Big Data and Credit Scoring in Indonesia

Darmawan Zaini, Chief Technology & Product Officer, UangTeman

Darmawan Zaini, Chief Technology & Product Officer, UangTeman

As one of the hottest emerging markets in the world, forecasted by the IMF to overtake Brazil and Russia by the end of the decade, Indonesia is a pretty exciting market to be in right now. With over 104.2 million people accessing the internet and 65.2 million people owning a smartphone in 2016, it is one of the biggest online markets worldwide. Having said that, it is also known that only a small number of people in emerging markets actually have their data in public credit registries. This is the challenge we’re currently facing at UangTeman, as the first online short-term micro loan provider in Indonesia: how to assess someone’s credit worthiness when they have no credit history whatsoever?

Finding alternative/nontraditional data is easier said than done in Indonesia, as most of these data are not publically accessible. Which brings us to two other data sources: online data (browsing history, social media data) and mobile data (call logs, location data, top up information, etc).

These kinds of data are easier to attain, with the proper user consent.

“Combined with other publically available regional financial data, we were able to muster a smart engine that helps with our creditworthiness assessments at scale, letting us perform experiments on subsets of our applicants, continuously fine-tuning the engine.”

Online and mobile behavioral data may not be enough for making good credit assessments, but it definitely can improve the results if used on top of traditional credit scoring methods. We can, for instance, look at users’ social media and/or email behavior, and correlate that to repayment/default behavior. As we assumed the existence of these correlations, we must always conduct experiments to validate them. At the end of the day, behavioral data can really be an indicator of someone’s financial behavior.

Having validated our assumptions on these online and mobile “Big Data”, we actually ended up with some “Smart Data” that we could create algorithms, patterns and math models off of. Combined with other publically available regional financial data, we were able to muster a (potentially) smart engine that helps with our creditworthiness assessments at scale, letting us perform experiments on subsets of our applicants, continuously fine-tuning the engine. As these experiments might prove costly in the beginning, the iterations are surely giving us a smarter engine each time. Seeing our engine’s Gini Coefficient to surpass the 0.6 mark, we find ourselves having better quality borrowers, reflected by lower delinquency and default rates.
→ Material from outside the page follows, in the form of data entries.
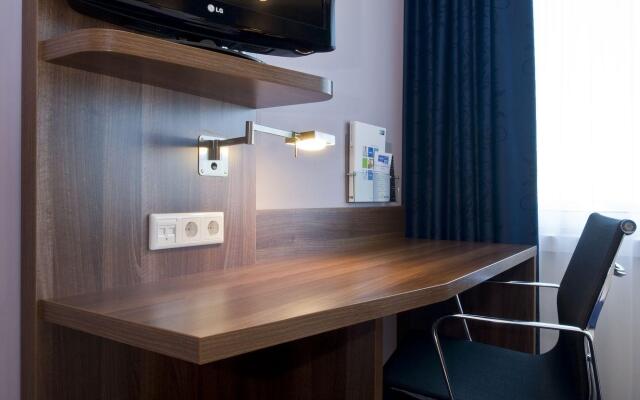 Holiday Inn Express Amsterdam - Schiphol, an IHG Hotel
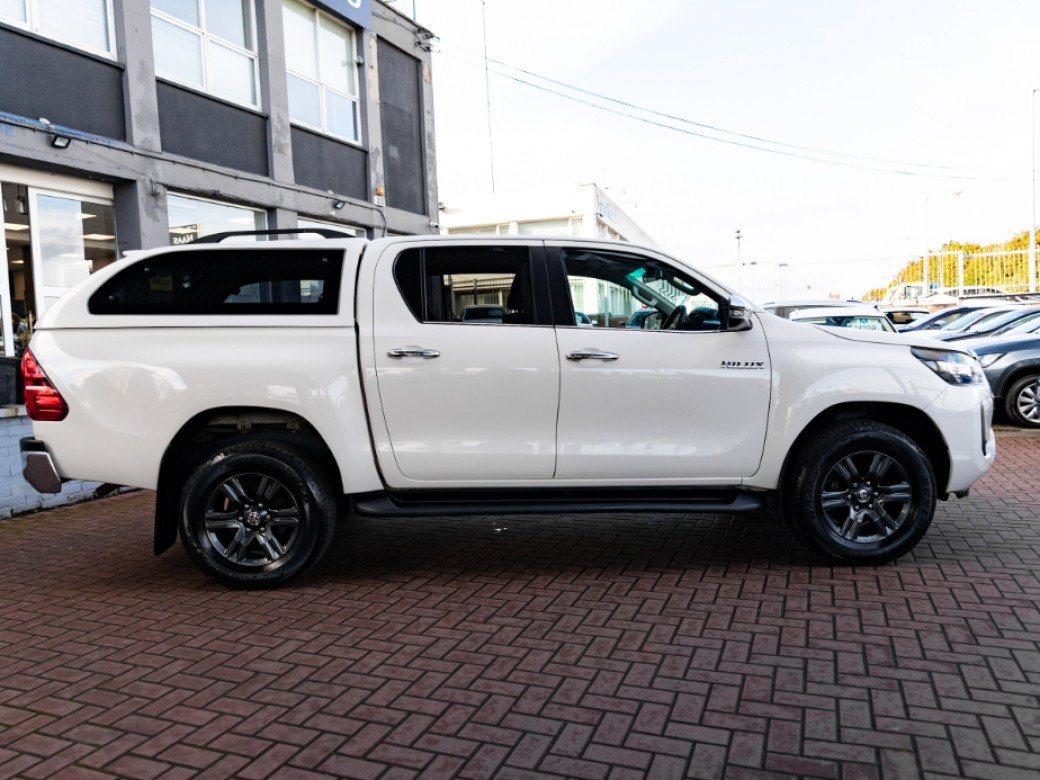 2022 Toyota Hilux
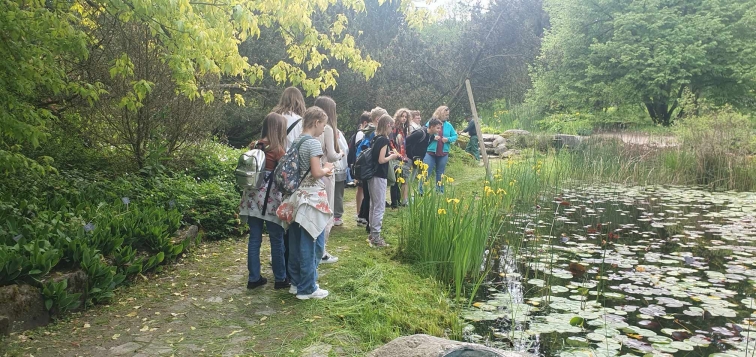 Lekcja biologii w terenie w Arboretum SGGW w Rogowie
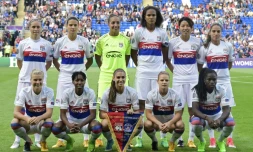 L'équipe féminine de l'Olympique lyonnais pose avant la finale de la Ligue des champions de football face au PSG, le 1er juin 2017 à Cardiff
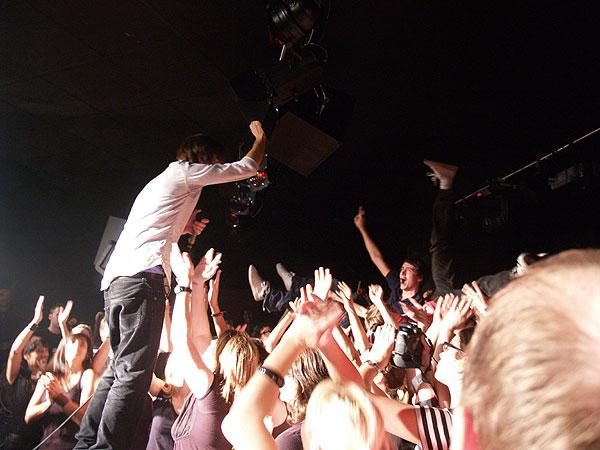 Phoenix – Die Franzosen rocken das schnucklige Abart - und 400 Fans gehen ab! –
As we strive to provide responsible financial inclusion to the under-banked at speed and scale, data definitely is our Holy Grail. Data is everywhere, just sitting around waiting to be analyzed. Theoretically, you can assess creditworthiness out of anything, as long as you have the risk appetite for it. Although traditional underwriting methods and human judgments are not to be undermined, we dream of building a credit scoring engine that can make good informed decisions out of all sorts of alternative data. Who knows, soon we’d be able to score someone’s creditworthiness out of their sleep cycle.